I do not define the cannon shots found in the score of the 1812 Overture as an exotic instrument. To reproduce these, please refer to another article by Tom Nousaine:
Issues with the Subjective Evaluation of a Subwoofer
In my opinion, everything that affects the sound of a subwoofer is fully characterized by its measurements. To paraphrase Peter Aczel a fast woofer is an oxymoron. If the subwoofer is not flat in the near-field you will hear it (see measurements section of the NHT B10d at SECRETS for more details). If they do not go as low as the material you want to play, you will hear it. If the woofer cannot achieve the SPL you want to reproduce at inaudible distortion levels, you will hear it.
Room effects are the most significant factor to impact the sound, not the subwoofer. This depends on the placement of the subwoofer and your seat (Toole Sound Reproduction Loudspeakers and Room Focal Press, 2008; chapters 12 and 13). For those with the Toole text, it is best to carefully review the sections on waterfall and other time-domain graphics. The text clearly indicates the parameters required to produce a plot with usable data is often not well understood (Section 13.5). Proper setup and interpretation of waterfall and similar plots are especially difficult to set up and interpret. Some measurement tools designed for consumer use make very nice looking plots but do not provide the user with the ability to set up the measurement correctly. When using such tools it is possible to convince oneself that large changes in the time domain can occur with no visible change in a properly setup frequency domain plot.
Frequency and time-domain response issues can be resolved at one’s seat optimally or several seats sub-optimally with precise room EQ, provided the subwoofer is relatively flat and the deployment in the room is done thoughtfully. Room EQs that provide frequency plots on a PC come in handy to ensure the subwoofer is properly placed before the electronic correction is applied.
In difficult rooms, multiple subwoofers may be needed. Passive room absorbers can also assist, but these are large and expensive if they are to have any effect below 100Hz. Multiple subwoofers are especially useful when a flat frequency response over multiple seats is desired (Chapter 13.3 of the Toole text).
The Under-reported Issue When Adding a Subwoofer
By far, the most significant sonic issue for acoustic music when a subwoofer is deployed occurs around the crossover from the subwoofer to the main speaker. Adding a subwoofer to a system using a standard bass management system without a room EQ in the loop (sub and main channels) will degrade the flatness of the response in this critical area. At a minimum, the in-room transition band of the low-pass and high-pass filters should track the shape of a fourth-order Linkwitz–Riley filter to about 20dB down. With a 4th LR at 80Hz crossover, both speakers will be active between 60Hz and 110Hz (-10 dB points), a frequency range that is populated with a variety of common instruments playing throughout the score.

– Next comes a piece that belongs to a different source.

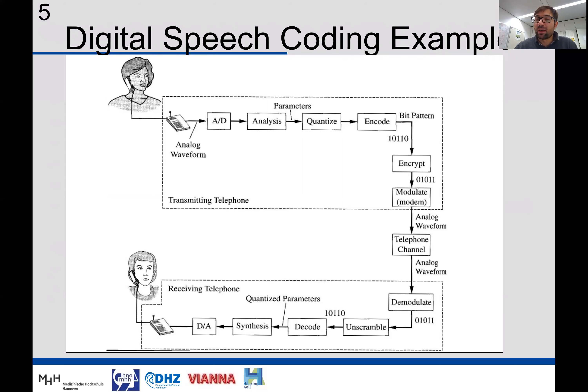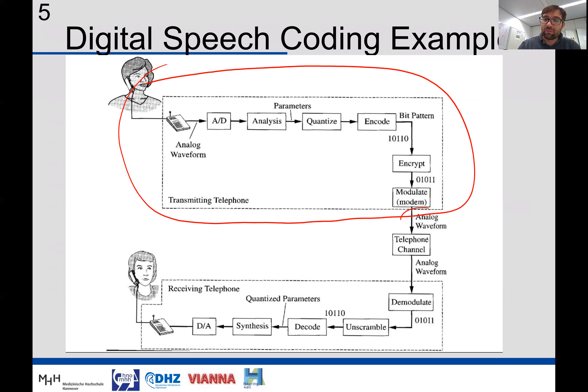Next, the quantized parameters are encoded — converted into bits to obtain a bit pattern. These bits are then encrypted: scrambled to be robust against unwanted decoding or reading of the bit stream. The encryption obscures the information in a way that is known to the decoder. Once the bit stream is encrypted, it is transmitted using modulation — what is called a modem. In analog telephony this could be a frequency generator transmitting through radio frequency. This completes the transmitting part.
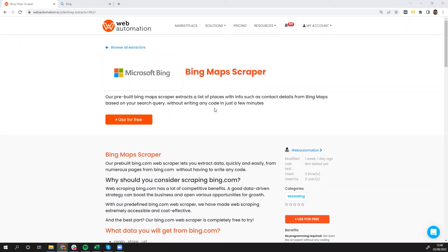Hi guys, this is Victor from webautomation.io, and in this video I'm going to show you how you can use Bing, which is one of the most popular search engines in the world, to be able to get data for different activities in terms of lead generation.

The standard bass management system provides only a second-order filter for the main speaker which will not even sum to flat even in an anechoic chamber. When the standard bass management system was developed (mid 90s) it was assumed the main channel speaker would roll off -12dB exactly below the crossover frequency to create the 4th order filter. This is never going to happen. Room EQs have to provide additional correction for the main speaker channel to have the correct transition and stop band associated with a 4th order high pass filter. Different main channel speakers will require a custom filter synthesized by the adaptive room equalizer. Once the EQ performs this function, the system is flat in an anechoic chamber, but this is only a small part of what the room EQ must do.
Without additional electronic equalization, the room effects (uneven sound pressure preservation) corrupt the shape of the low-pass and high-pass filter transition bands. In the graph below, the black curve shows the low-pass filter electrical response of the standard bass management systems applied to the full range input. The red curve is the room EQ filter’s response in cascade with the LPF.

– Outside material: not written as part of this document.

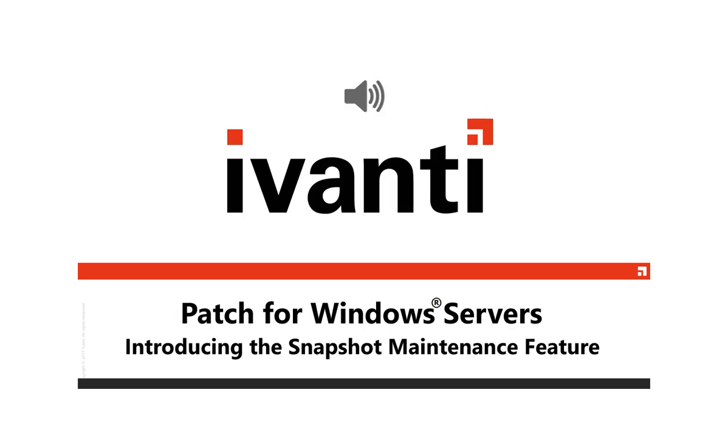Hi everyone, and welcome to Ivanti Patch for Windows Servers. In this video, I'm going to introduce you to the Virtual Machine Snapshot Maintenance feature. So, let's get started.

The in-room high-pass filter transition band of the main speaker is as critical as the in-room low-pass rolloff of the subwoofer. Only an advanced electronic room EQ in a Pre/Pro or AVR can provide the required fourth-order Linkwitz – Riley response at the listening seat for the main channel. Some subs have a room EQ function, but this is only half the problem, even if the EQ works well. Likewise, multiple subwoofer techniques may expend the optimal area for the low pass filters transition and stop band but we can have only one main speaker per channel. Note that even the best room EQ can generate the optimum main channel response in the crossover area for only one listening seat. Passive room treatment can help but it is expensive since it must be effective to 60Hz (-10dB point for the main channel with an 80Hz crossover).

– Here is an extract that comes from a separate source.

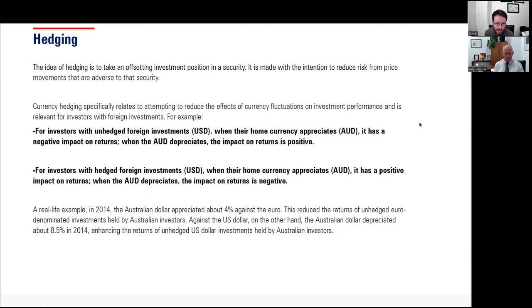For investors with unhedged foreign investments in USD, when their home currency — the AUD — appreciates, it has a negative impact on returns; when the AUD depreciates, the impact on returns is positive. For investors with hedged foreign investments in USD, when their home currency appreciates, it has a positive impact on returns; when the AUD depreciates, the impact on returns is negative.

The crossover frequency must also be under the user’s control. The user must select a crossover point high enough that the subwoofer enters before the main channel speaker’s distortion starts to increase. At the same time, the crossover should be as low as possible to prevent localization of the subwoofer. Some electronic room equalizers will not allow the crossover frequency to be adjusted. This reduces the size of the filter needed to create a smooth response in the crossover, which can allow for a less expensive DSP to be used. Since no room EQ system makes distortion measurements, the automatic selection is often wrong.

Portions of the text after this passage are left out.